Jakarta, kabar1news.com – Gerai Hukum Art & Rekan berpendapat bahwa,Pasal Penggelapan Uang secara umum tindak pidana penggelapan uang merupakan tindakan melanggar hukum yang dilakukan karena adanya motif-motif tertentu.
Penggelapan merupakan bentuk kejahatan di mana seseorang atau entitas menyalahgunakan sebuah aset yang dipercayakan kepadanya.
Dalam penggelapan, pelaku memperoleh sebuah aset secara sah dan memiliki hak untuk mengelolanya, tetapi aset tersebut kemudian digunakan untuk tujuan yang tidak seharusnya. Hal seperti ini sering terdengar dalam berita-berita tentang tindakan seorang karyawan yang menggelapkan dana perusahaan.
Meski terlihat hampir sama mengenai perbuatan penipuan dan penggelapan, tapi nyatanya keduanya adalah perbuatan yang berbeda. Hukum pidananya pun juga diatur dalam pasal yang berbeda.
Penggelapan dan penipuan telah diatur dalam Kitab Undang-Undang Hukum Pidana atau KUHP dengan pasal hukum yang berbeda.
Penggelapan diatur dalam pasal 372 KUHP. Penggelapan merupakan perbuatan mengambil barang milik orang lain (sebagian atau seluruhnya) di mana pengendalian atas barang tersebut berada di atas tangan pelaku dan penguasaannya sudah secara sah.
Contohnya :
Pelaku yang menguasai sebuah barang yang dititipkan kepadanya atau penguasaan barang oleh pelaku karena tugas atau jabatan yang diberikan kepadanya.
Tujuan dari penggelapan diantaranya adalah untuk memiliki barang atau uang yang sedang dipegangnya, sedangkan pada dasarnya barang atau uang tersebut bukanlah miliknya, melainkan milik orang lain.
Sedangkan penipuan diatur dalam pasal 378 KUHP.
Tindakan penipuan bertujuan untuk menguntungkan diri sendiri atau pihak lain dengan cara melawan hukum, diantaranya dengan memakai nama palsu, melakukan tipu muslihat, ataupun membuat rangkaian kebohongan.
Hukuman Penggelapan Uang Diatur dalam KUHP Pasal Penggelapan Uang
Untuk hukuman yang harus diterima oleh pelaku penggelapan uang sudah diatur dalam Pasal penggelapan uang yang ada dalam buku II Bab XXIV Kitab Undang-Undang Hukum Pidana yang berjudul “Penggelapan”.
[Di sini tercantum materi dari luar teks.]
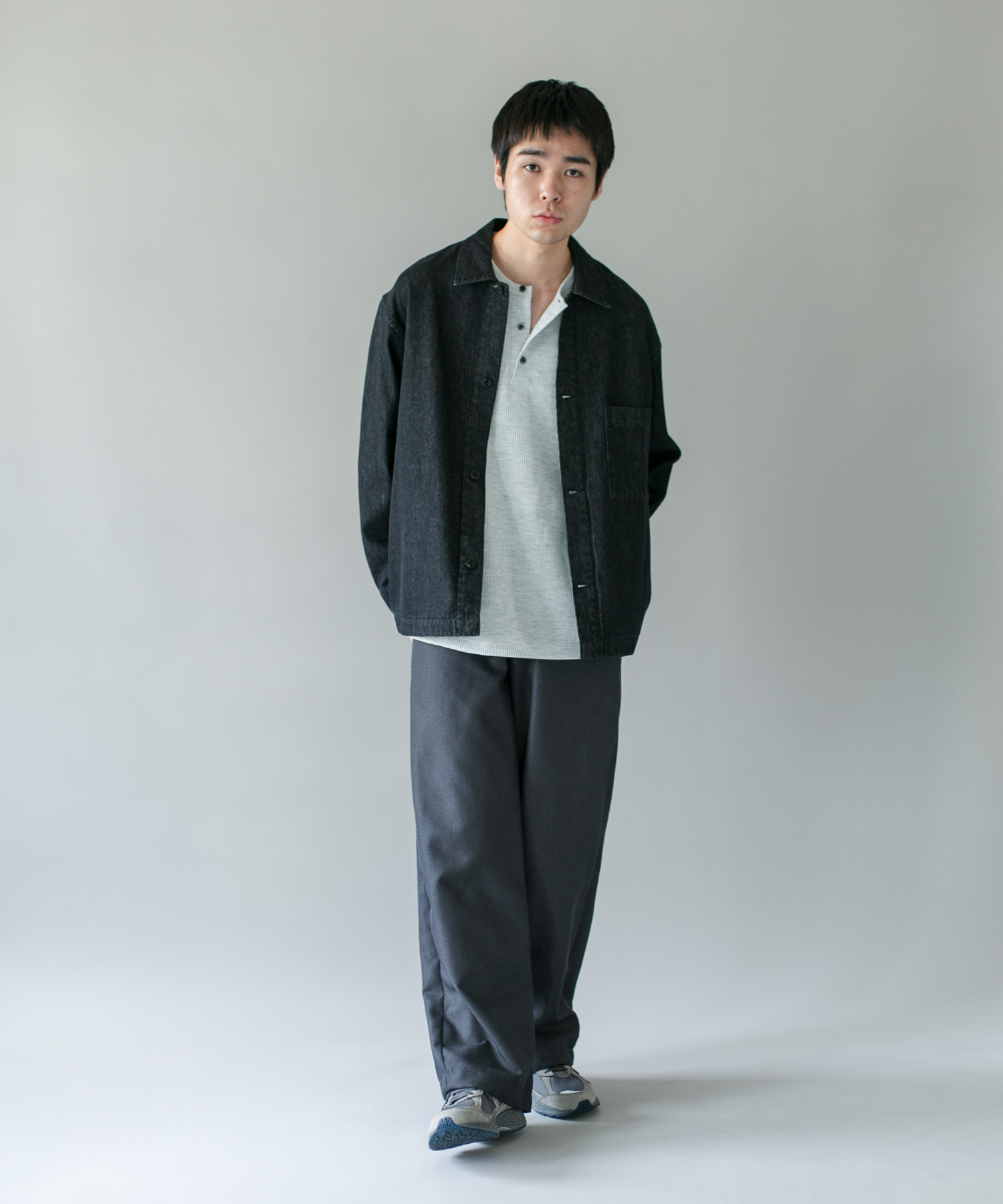 身長：177cm サイズ：M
Diantaranya pasal 374 Kitab Undang-Undang Hukum Pidana (“KUHP”) tentang pasal penggelapan uang perusahaan dengan pelaku penggelapan dalam sebuah jabatan dapat diancam pidana penjara maksimal 5 (lima) tahun .
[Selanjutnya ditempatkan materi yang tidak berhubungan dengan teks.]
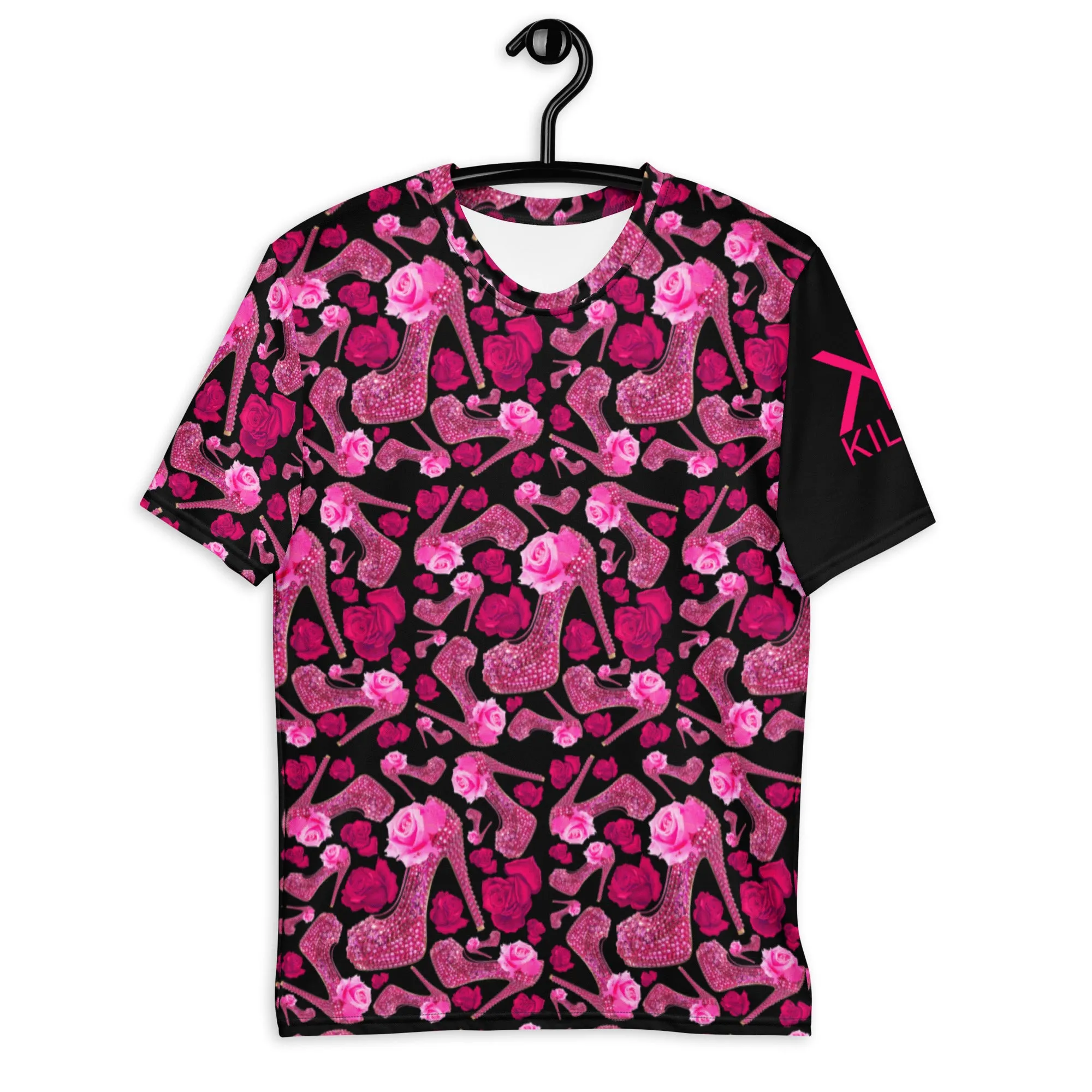 Men's t-shirt 'Pink dreams'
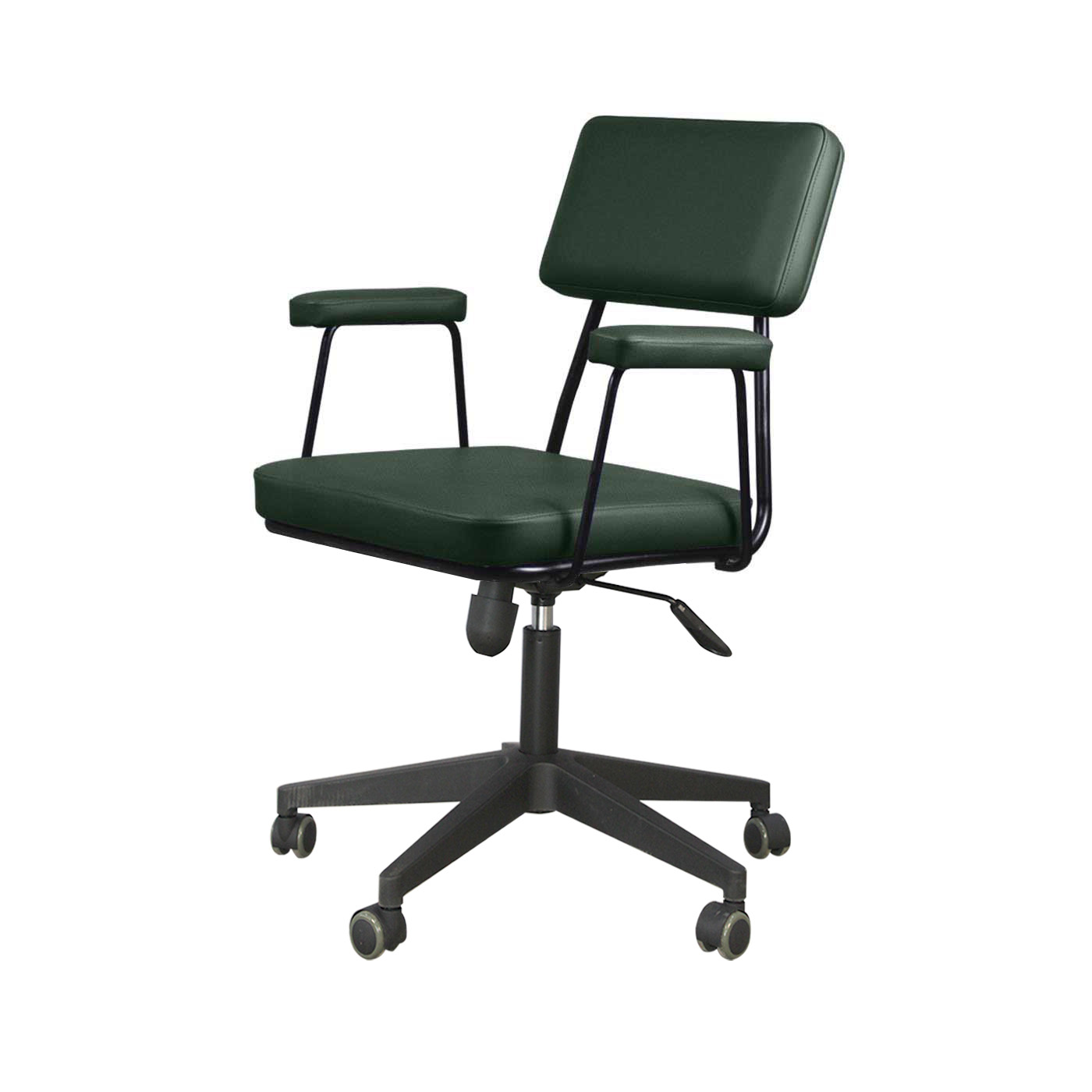 Noblitt Faux Leather Work Chair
Mengingat tindak pidana penggelapan ini sudah diatur dalam pasal 374 KUHP, maka sudah jelas jika proses hukum terhadap pelakunya tidak bisa dihentikan meski pihak yang terkait telah melakukan perdamaian.
Sehingga tindakan kejahatan ini tergolong ke dalam hukum pidana dan bukan hukum perdata penggelapan uang, yang mana jika kasus penggelapan tersebut telah diadukan dan dalam tahap persidangan, pidananya tidak dapat dihapus meskipun para pihak telah melakukan pembayaran.
Karena kasus tindak penggelapan ini masuk ke dalam delik biasa yang mana harus tetap diproses oleh pihak berwajib (polisi, jaksa, hakim) tanpa perlu adanya aduan dari pihak yang merasa dirugikan. Jadi posisi penegak hukum disini bersifat aktif untuk bisa menindaklanjuti sebuah tindak pidana.
Jika ternyata ditengah proses berjalannya penanganan perkara, para pihak sudah berdamai, kasus tergolong delik biasa ini tidak dapat dihentikan saat para pihak berdamai seperti delik aduan.
Proses hukum akan terus berjalan hingga tersangka/terdakwa dapat keputusan hakim yang berkekuatan hukum tetap.(**)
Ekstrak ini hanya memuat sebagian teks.